# WHAT THE EXERCISE ASKS
Write down exactly what lies from the line containing "dekavers gesneden geitenkaas" to the end of the records, inclusive, and omit the pictures.

Short descriptive text snippets:
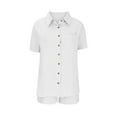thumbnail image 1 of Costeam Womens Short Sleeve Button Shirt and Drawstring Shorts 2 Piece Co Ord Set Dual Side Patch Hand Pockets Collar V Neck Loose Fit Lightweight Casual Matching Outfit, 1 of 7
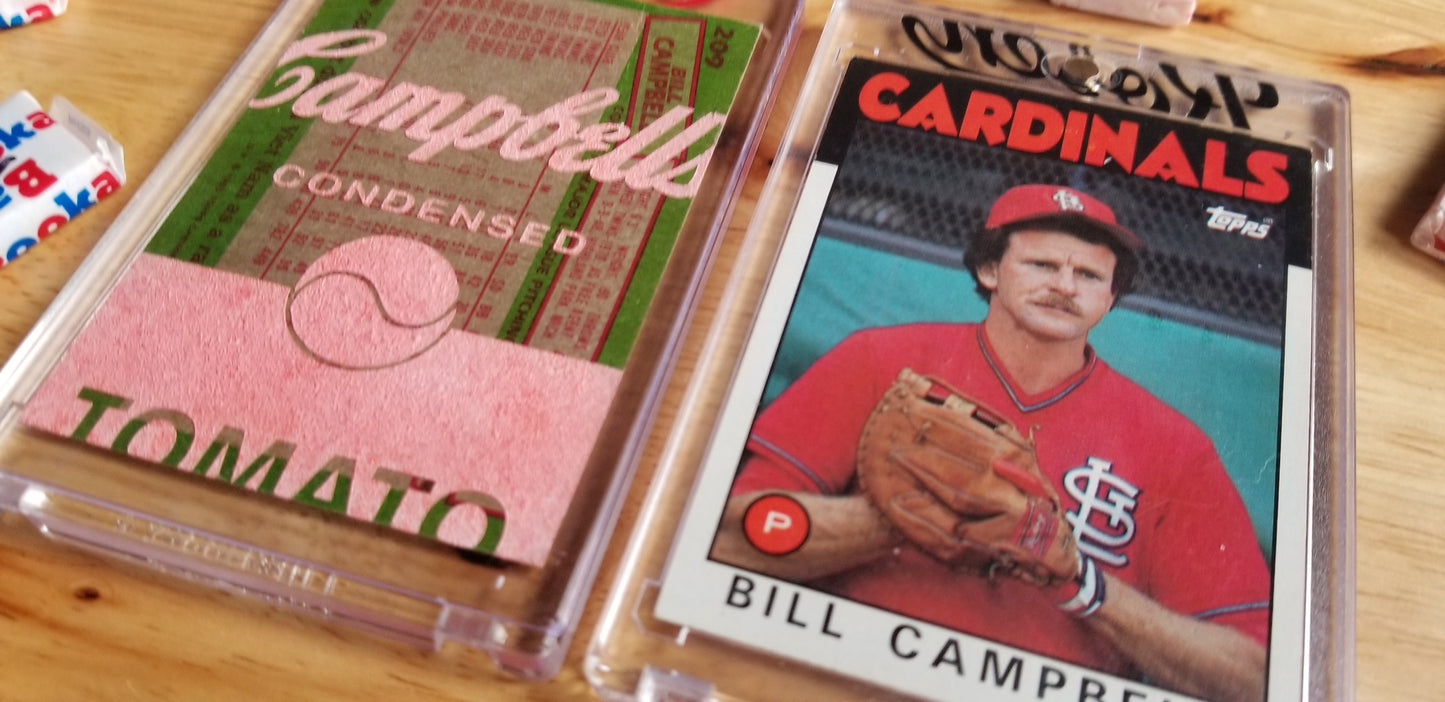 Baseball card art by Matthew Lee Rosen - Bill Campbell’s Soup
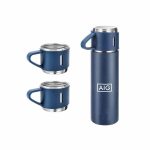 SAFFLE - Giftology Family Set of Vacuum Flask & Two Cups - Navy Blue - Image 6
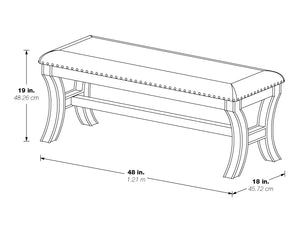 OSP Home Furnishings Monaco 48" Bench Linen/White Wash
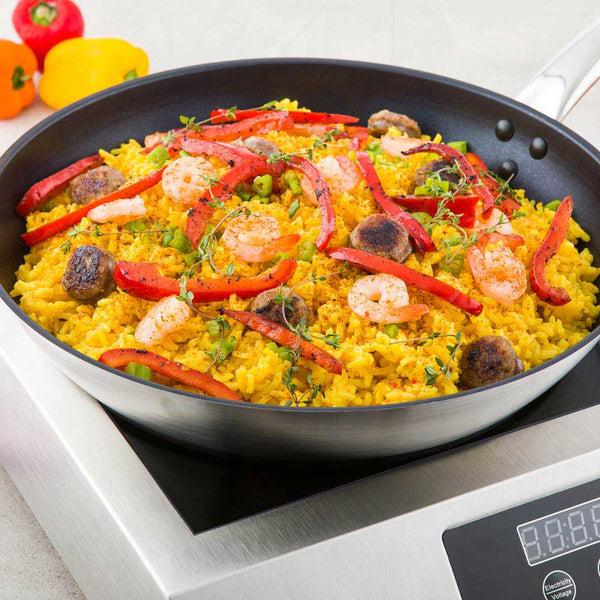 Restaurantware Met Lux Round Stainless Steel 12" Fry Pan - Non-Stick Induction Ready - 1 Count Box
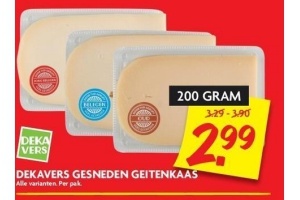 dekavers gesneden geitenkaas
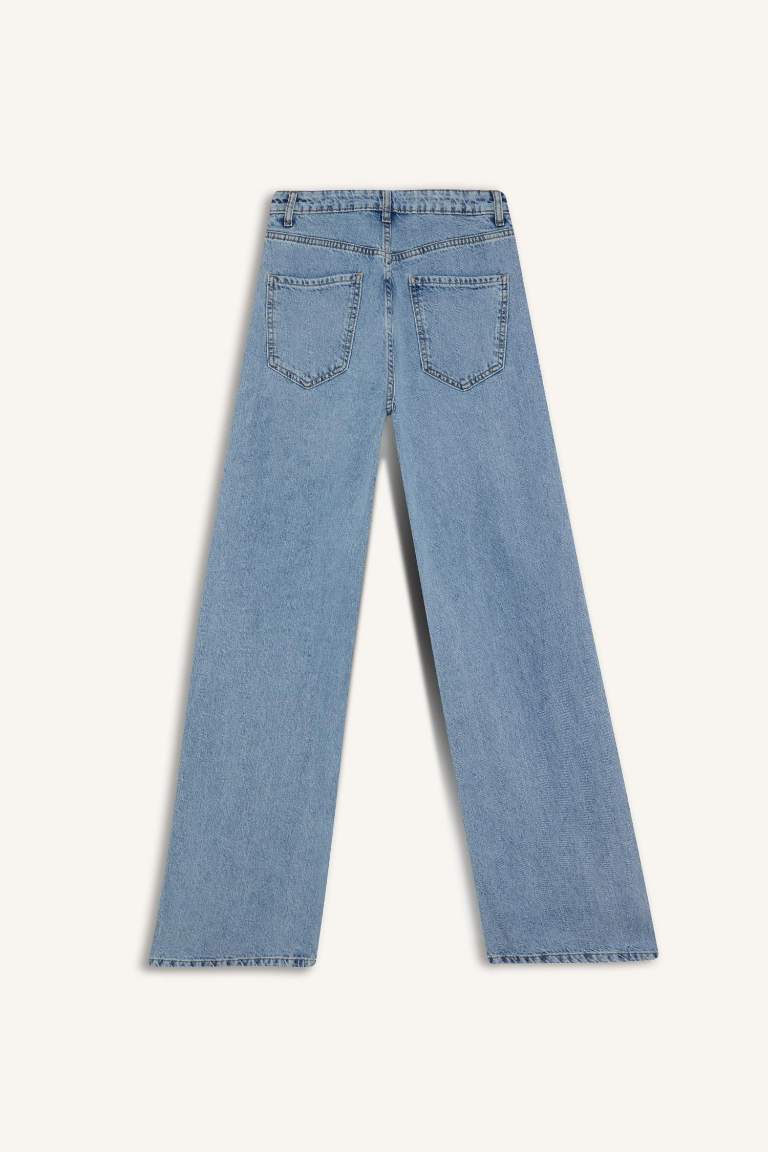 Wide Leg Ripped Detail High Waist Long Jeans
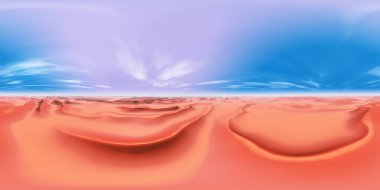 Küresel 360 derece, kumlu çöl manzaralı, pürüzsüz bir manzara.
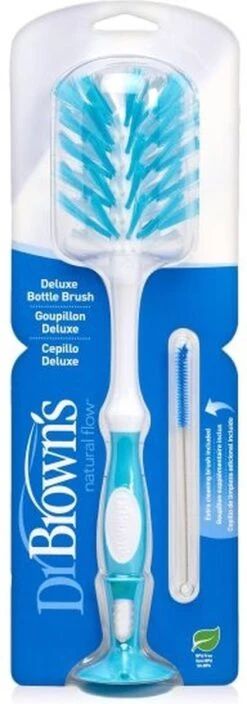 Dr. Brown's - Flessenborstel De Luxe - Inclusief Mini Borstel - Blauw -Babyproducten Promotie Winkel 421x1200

# EXERCISE RESPONSE
 dekavers gesneden geitenkaas
 Wide Leg Ripped Detail High Waist Long Jeans
 Küresel 360 derece, kumlu çöl manzaralı, pürüzsüz bir manzara.
 Dr. Brown's - Flessenborstel De Luxe - Inclusief Mini Borstel - Blauw -Babyproducten Promotie Winkel 421x1200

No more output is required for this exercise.